Experience marketing is growing with one in three CMOs committing to allocate 30 to 50% of their budget to it in the next 12 months (according to a 2018 Warc study) and brands looking for increasingly innovative ways to connect with experience-seeking consumers through real-world interactions.
Meanwhile, the quarterly IPA Bellwether report published last month showed overall marketing budget growth hit its slowest rate in three years, putting even more pressure on brands to demonstrate the value of all of their marketing activity.
But how can you make sure that you are creating the optimum experience for your brand? With the help of leading behavioural scientist, Stephen Donajgrodzki, Collider developed a behavioural framework that can help.
Adapted from Holbrook’s framework of self, the first step is to identify which consumer ‘need state’ your brand most gravitates towards.
Social proof is where we see extrinsic ‘visible’ choices – the car you drive, the clothes you wear, the bag you carry or the phone you own – acting as a reflection or reinforcement of your personal identity.
Self-confidence is where we find brands that help give inner confidence: treats or guilty pleasures that make us feel good about ourselves. It’s about ‘intrinsic’ value, reinforcing our internal self-image and self-worth.
Social currency is where we use brands – and brand experiences – to inform, entertain, engage, amuse or even show solidarity with others.

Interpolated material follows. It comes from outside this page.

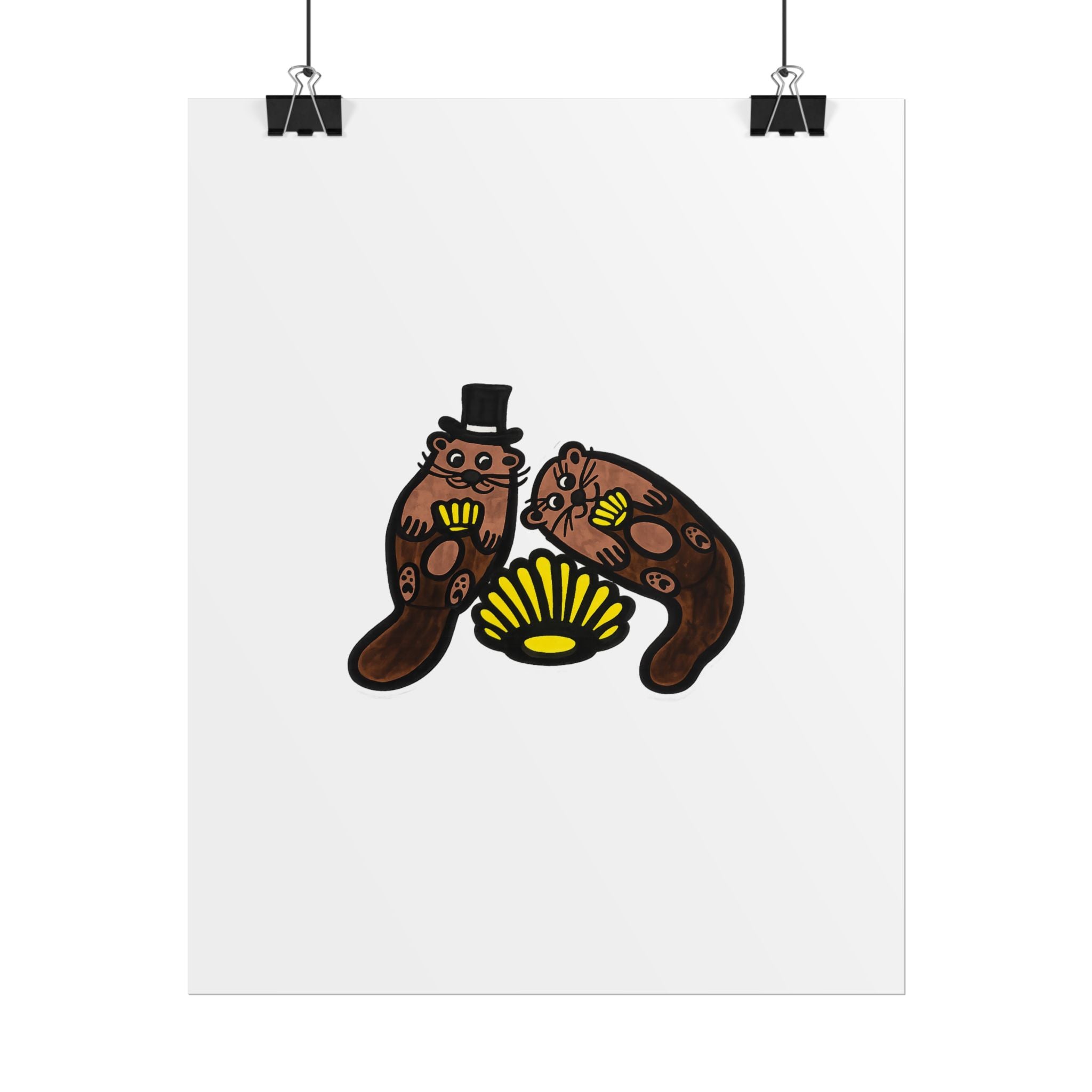 Hand-Drawn Otter Duo with Seashell Poster | Rolled Poster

Once you’ve determined which of the three ‘need states’ your brand gravitates more strongly towards, you’ll have a clearer indication of the type of experience that will best suit it.
This becomes interesting when you plot it against the reach and engagement chart.

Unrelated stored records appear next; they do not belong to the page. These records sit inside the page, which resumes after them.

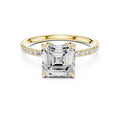 2.50 ct Petite Brilliance Ring 2.5ct Yellow Gold Asscher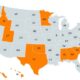 a US map with states without domestic sports betting highlighted in orange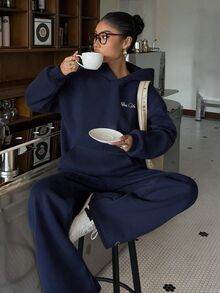Muchica 女款字母印花連帽衛衣與運動長褲黃色針織運動套裝，秋冬街頭穿搭 - 藏蓝色 - 查看 3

Benefit Cosmetics, for example, falls firmly within ‘self-confidence’. Here trial and reinforcement are key, and more personalised and involved experiences bring greater value. The experience created for The Good Ship Benefit on the R.S. Hispaniola on Victoria Embankment was an excellent example of this. It ran for five-months, with a series of highly immersive and engaging experiences – from the more expected complimentary make-up tutorials and pampering to curated film sessions and surreal tea ceremonies with infusions served inside a magician’s hat!
In contrast, an FMCG brand such as Hello Fresh may gravitate more towards social currency, where trial, pop-ups and giveaways play an integral part in getting the brand in people’s hands. Hello Fresh’s first physical retail experience as a pop-up shop ran for four weeks in Old Street station and, to further drive ‘social currency’, they donated 10% of proceeds to The Felix Project, a London-based charity dedicated to reducing food waste and poverty. Hand in hand with this, it ran a competition to encourage people to share pictures of themselves by their temporary store in order to win a free Hello Fresh box, as well as running an on-pack promotion for a money-can’t-buy foodie trip to Florence for two people. This was all designed to drive up shareability, and widen the conversation around the brand in order to encourage others to try it.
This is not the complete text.